Description

I Must Freeze and Die

January 1856, Salt Lake City, Utah. Twenty-three-year-old Marriner Wood Merrill was hauling logs out of North Mill Creek Canyon. The logs were used to make houses. It was a cold winter, the temperature at times -20-30 degrees. On one of those very cold days Marriner was in the canyon alone. He had cut the five logs he needed and had them placed side by side in preparation for loading on his bobsleigh. He got the first log on the sleigh and turned to load the others. He described what happened next. 

The one I had on the sled slipped off like it was shot out of a gun and struck me in the hollow of the legs and threw me forward on my face across the four logs lying on the ground, or ice. In falling, my hand spike, which I had used in loading the first log, slipped out of my hand and out of my reach. And thus I found myself with my body lying face downwards across the four logs and the fifth log lying across my legs, and I was pinned to the ground with a heavy red pine log 10 inches through at the large end and 22 feet long lying across my legs.

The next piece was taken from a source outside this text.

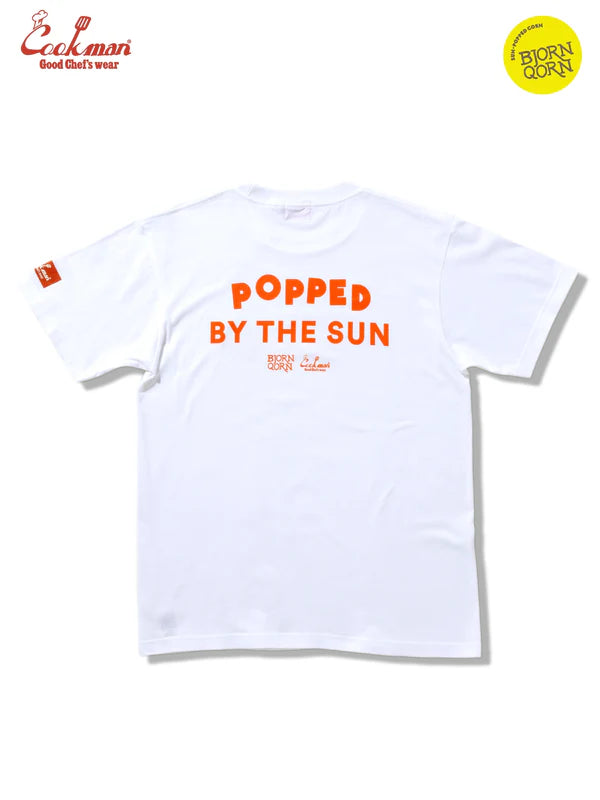 Cookman Tees - BjornQorn Popped by The Sun : White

And there I was with no visible means to extricate myself and there was no aid at hand, as no one but myself was in the canyon that day. I made up my mind that I must freeze and die all alone in the mountains of Utah. Many serious thoughts passed through my mind, as you may imagine. In falling on the logs my breast and stomach were hurt and it was difficult for me to breathe. I did not conceive what to do under the trying ordeal, but concluded to ask the Lord to help me, which I did in earnest prayer. After calling upon the Lord for some time I began to make an effort to extricate myself but all in vain, as I could not move the log that was lying on me. I, however, continued my efforts until I was exhausted and lost all recollection of my situation. And the first I remembered afterward I was one mile down the canyon sitting on my load of logs and the oxen going gently along. My overcoat by the side of me, and feeling very cold…. I looked at the load and found I had the five logs on the sled, three on the bottom and two on the top, nicely bound, my ax sticking in the top log, my whip lying on the load by my side, my sheepskin (with the wool on, which I used to sit on) also on the load and I sitting on it. I made an effort to get off the load and put on my overcoat but found I could not do it, as I was so sore in my legs and breast that it was with great difficulty that I could move at all. …I was confined to the house for some days before I could get around again. Who it was that extricated me from under the log, loaded my sled, hitched my oxen to it, and placed me on it, I cannot say, as I do not now, or even then at the time, remember seeing anyone, and I know for a surety no one was in the canyon that day but myself. Hence, I must give the Lord, or my Guardian Angel, credit for saving my life in extricating me from so perilous a situation.